DID, Escrows, PaymentChannels, and Credentials previously contained multiple unrelated transactor classes in a single header/implementation pair. This change splits each into one class per file, following the same pattern established by the rest of the codebase.
This change reorganizes the `tx/transactors` directory for consistency and discoverability. There are no behavioral changes, this is a pure refactor. Underscores were chosen as the way to separate multi-words as this is the more popular option in C++ projects.
Specific changes:
- Rename all subdirectories to lowercase/snake_case (`AMM` → `amm`, `Check` → `check`, `NFT` → `nft`, `PermissionedDomain` → `permissioned_domain`, etc.)

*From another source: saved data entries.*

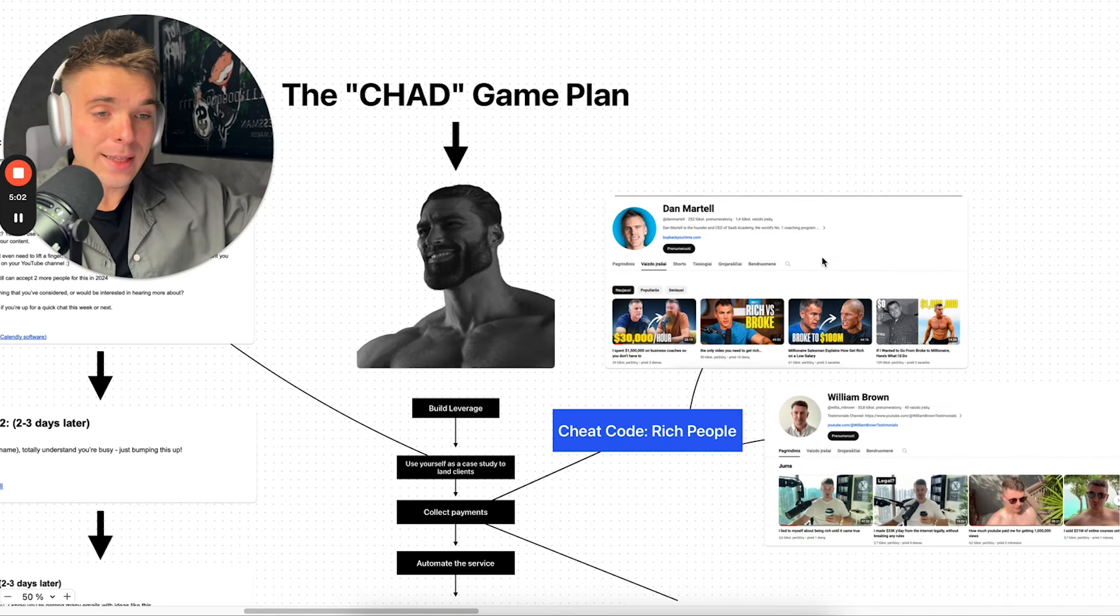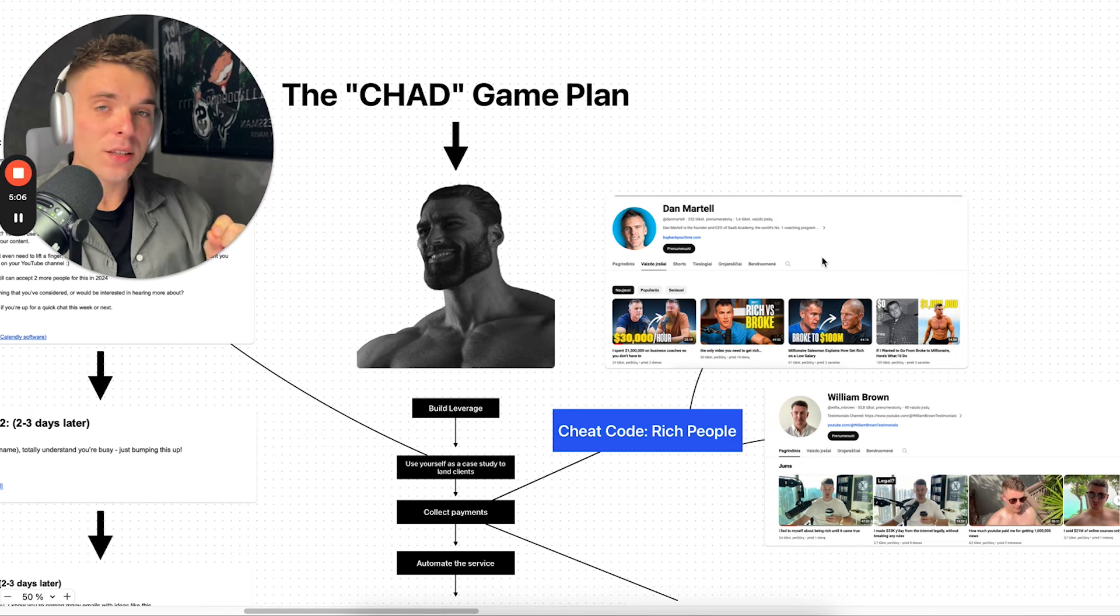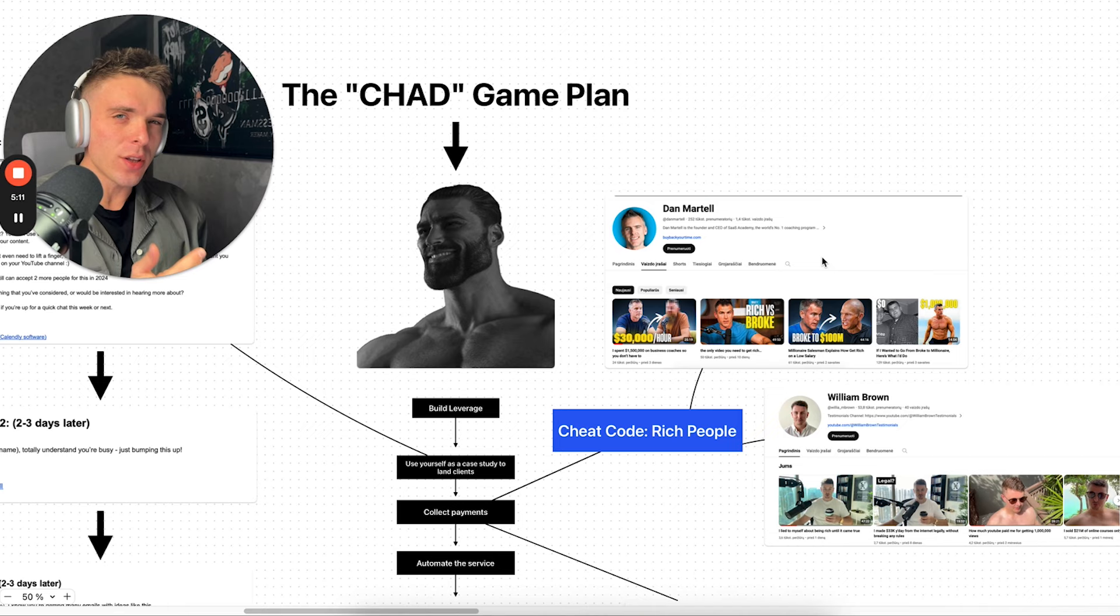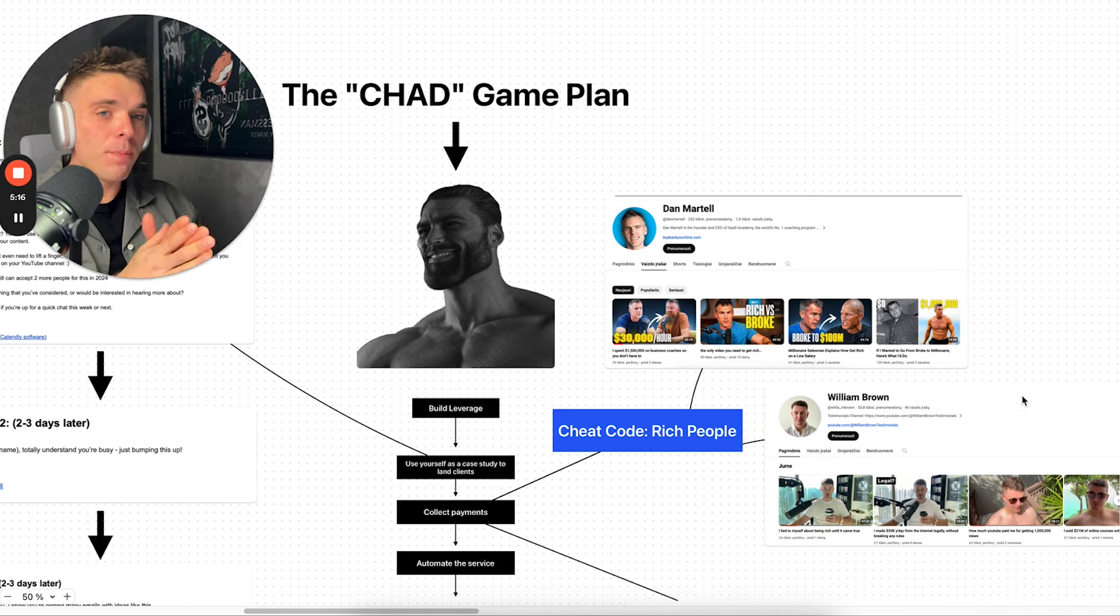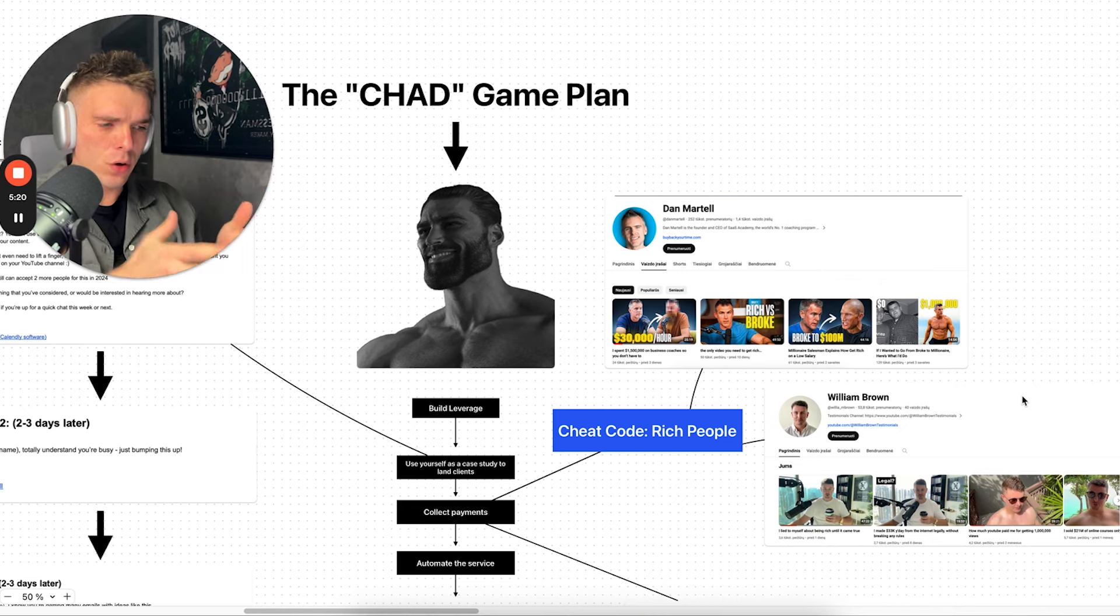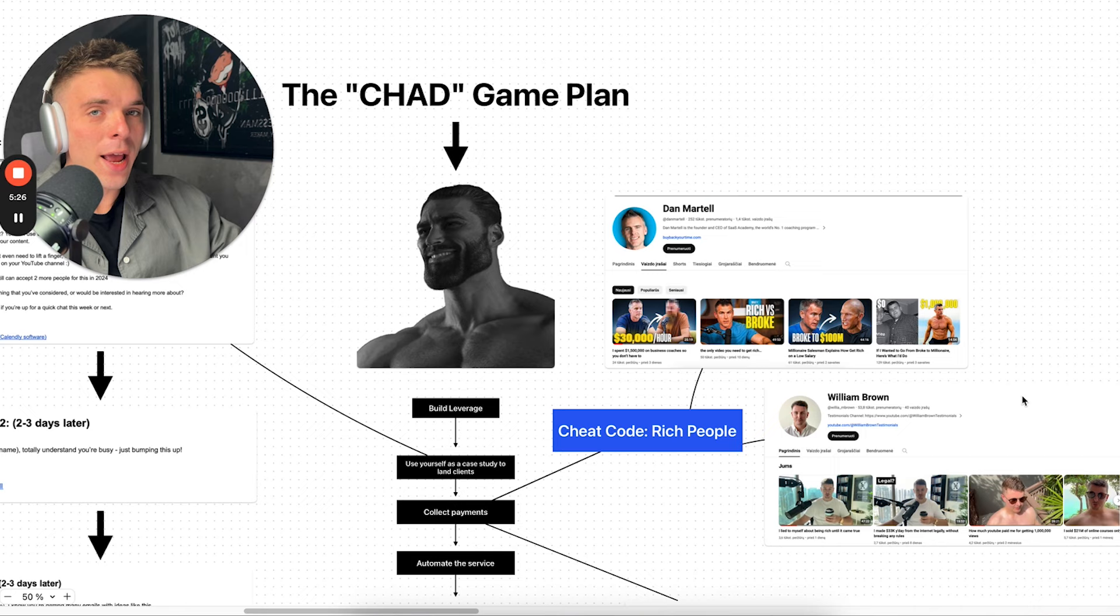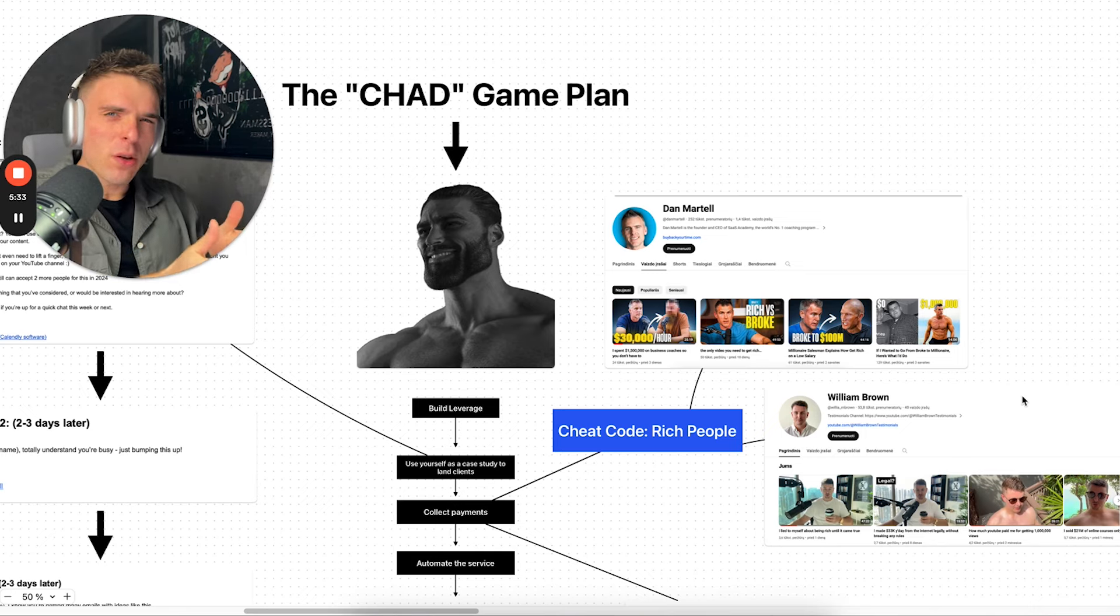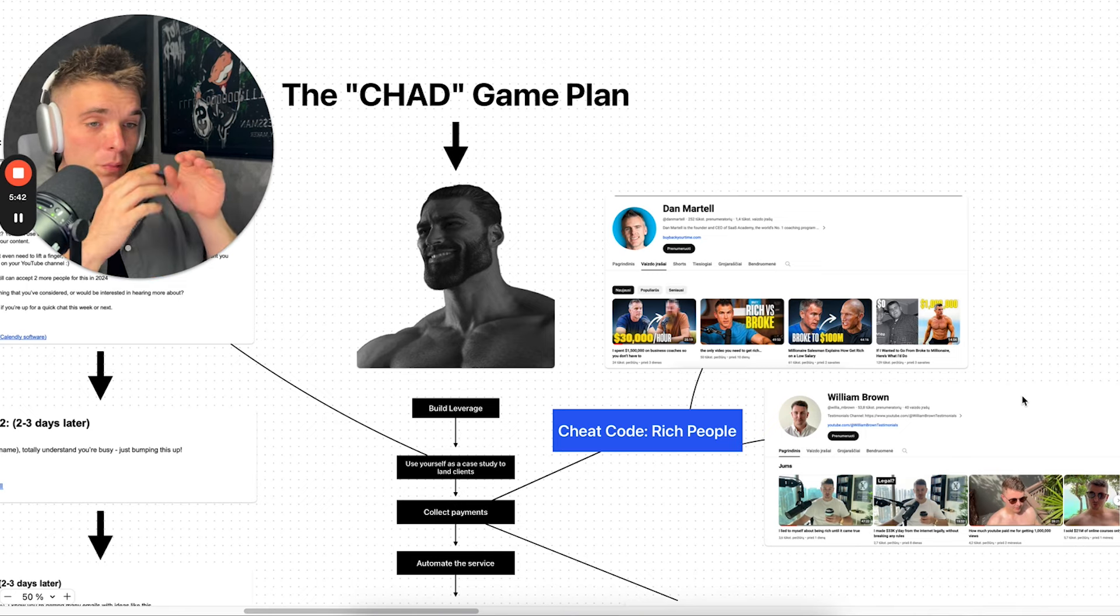So before I dive deep into the strategies, realize that you can find these people on YouTube. People that already have info product businesses, they already built and sold companies. Right now writing books, for example, like William Brown, he's already sold his company. He's now writing a book and he's going ham on social media. So he's one of those guys that definitely going to need more help, which is short form content because you want to expand. Look for people like this because for those people to pay you two, three K a month is nothing.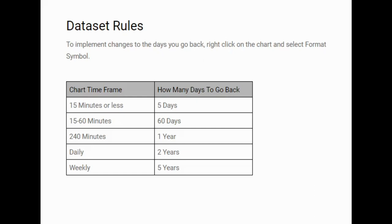If you're doing a chart time frame of 15 minutes or less you don't want to go back any further than five days. If you're doing 50 to 60 minutes, 60 days really. 240 minutes one year and then obviously you can see daily is two years. And if you're doing a weekly time frame you can go back as far as five years. But I would say stick to this and you'll find you won't go wrong. I get a lot of people coming to me with these kind of problems and it's normally going back to the data set rules.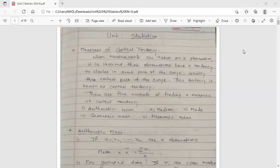Hello dear students, this is your engineering mathematics three lecture. Today's topic, we are going to start the third unit: statistics. It is the application of mathematics. The first concept in statistics is measures of central tendency. When measurements are taken on any experiment, it is observed that observations have a tendency to cluster in some part of the range, usually the central part. This tendency is known as central tendency.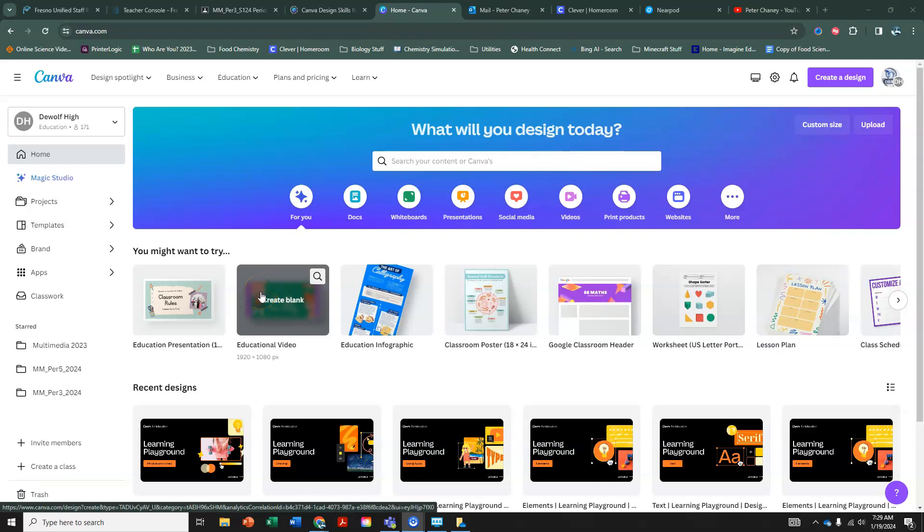Well, welcome multimedia students. It's me, Mr. Chaney, with another brilliant tutorial. We are on to the last project for the design school in Canva, so part five.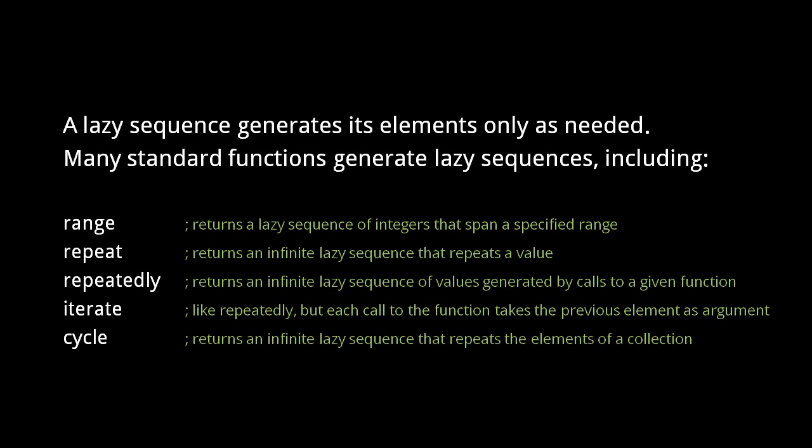For creating the most commonly used kinds of lazy sequences, Clojure provides a few convenient functions. The range function returns a lazy sequence of integers that span a specified range. The repeat function returns an infinite lazy sequence that repeats a value. The repeatedly function returns an infinite lazy sequence of values generated by calls to a given function.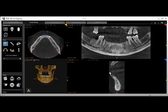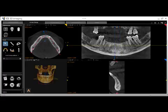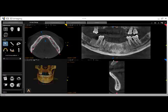Once your curve is drawn, your panoramic and transaxial views will appear on the right. Keep in mind that the transaxial view is a cross-sectional slice along the long axis of the blue line in the panoramic image.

- Merge `AMM/` and `Offer/` into `dex/`, including `PermissionedDEXHelpers`
- Rename `MPT/` → `token/`, absorbing `SetTrust` and `Clawback`
- Move top-level transactors into named groups: `account/`, `bridge/`, `credentials/`, `did/`, `escrow/`, `oracle/`, `payment/`, `payment_channel/`, `system/`
- Update all include paths across the codebase and `transactions.macro`
The existing code added the git commit info (`GIT_COMMIT_HASH` and `GIT_BRANCH`) to every file, which was a problem for leveraging `ccache` to cache build objects. This change adds a separate C++ file from where these compile-time variables are propagated to wherever they are needed. A new CMake file is added to set the commit info if the `git` binary is available.
The invariant check system had grown into a single monolithic file pair containing 24 invariant checker classes. The large `InvariantCheck.cpp` file was a frequent source of merge conflicts and difficult to navigate. This refactoring improves maintainability and readability with zero behavioral changes.
In particular, this change:
- Splits `InvariantCheck.h` and `InvariantCheck.cpp` into 10 focused header/source pairs organized by domain under a new `invariants/` subdirectory.
- Extracts the shared `Privilege` enum and `hasPrivilege()` function into a dedicated `InvariantCheckPrivilege.h` header, so domain-specific files can reference them independently.
This change replaces `void const*` by `uint256 const&` for database fetches.
Object hashes are expressed using the `uint256` data type, and are converted to `void *` when calling the `fetch` or `fetchBatch` functions. However, in these fetch functions they are converted back to `uint256`, making the conversion process unnecessary. In a few cases the underlying pointer is needed, but that can then be easy obtained via `[hash variable].data()`.